Indem ich der freundlichen Aufforderung folge, Ihnen von dem Pariser Congress und von der augenblicklichen Stellung der Frauen in Skandinavien und Finnland zu erzählen, bitte ich Sie, keinen geordneten Vortrag zu erwarten, da mir Daten und Zahlen fehlen. Was ich in schlichter Weise Ihnen, geehrte Anwesende, schildern kann, beruht wesentlich auf persönlicher Wahrnehmung und ist daher vielfach lückenhaft. Ich weiss die Ehre wohl zu schätzen, dass ich hier davon Mittheilung machen darf. Was ich bereits auf wiederholten Reisen durch Anschauung erfahren, dass die nordischen Frauen die bevorzugteste Stellung einnehmen, das hat im vorigen Jahre des Pariser Congress schlagend bewiesen.

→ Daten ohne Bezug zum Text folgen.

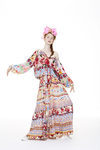 Vestido largo de mujer de la línea Bohemian Flowers de la colección 'Unexpected' de Desigual para la temporada primavera/verano 2018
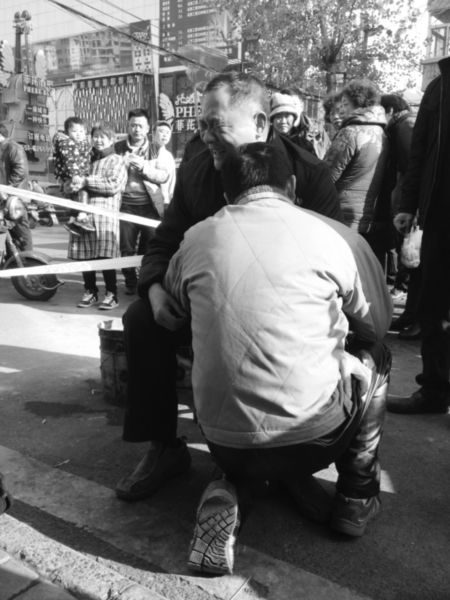 男子吃包子想少付2元遭拒 找人捅死老板娘(图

Es war am 12. Juli 1889, als unter dem Präsidium des früheren Cultus- minister Jules Simon in der Mairie von St. Sulpice der Congres international des oeuvres et institutions feminines eröffnet ward. Eine viel hundertköpfige Menge füllte den Saal. Das Comite bestand ausser dem Präsidenten aus der Ehren­präsidentin Mme. Köchlin-Schwartz, der Vicepräsidentin Mme. Bogelot, den Secretären: Mme. de Beurdeloy, Mmes. Martin et de Morsiez. Die Deputirten fanden auf dem erhöhten Podium ihren Platz. Der greise Präsident, dessen Eröffnungsrede man mit Spannung entgegengesehen hatte, entwarf mit klaren Worten die Idee, welche der Einberufung des Congresses zu Grunde lag und welche das Programm bereits kundgethan. Der Code Napoleon bedürfe einer Neubearbeitung und die Regierung fände, sie sei es den Frauen Frankreichs schuldig, denselben Gelegenheit zu geben, ihre Wünsche darzulegen; ebenso sei es wünschenswerth, zu wissen, was bisher von Frauen aus eigenstem Antriebe geleistet sei. Da andere Länder auf dem Gebiete der Frauenfrage bereits mehr geleistet, so wurden die Fremden ersucht, sich an den Discussionen zu betheiligen und Berichte zu geben. Zuletzt wies der Redner darauf hin, dass das Ausland Frankreichs Frauen verkenne.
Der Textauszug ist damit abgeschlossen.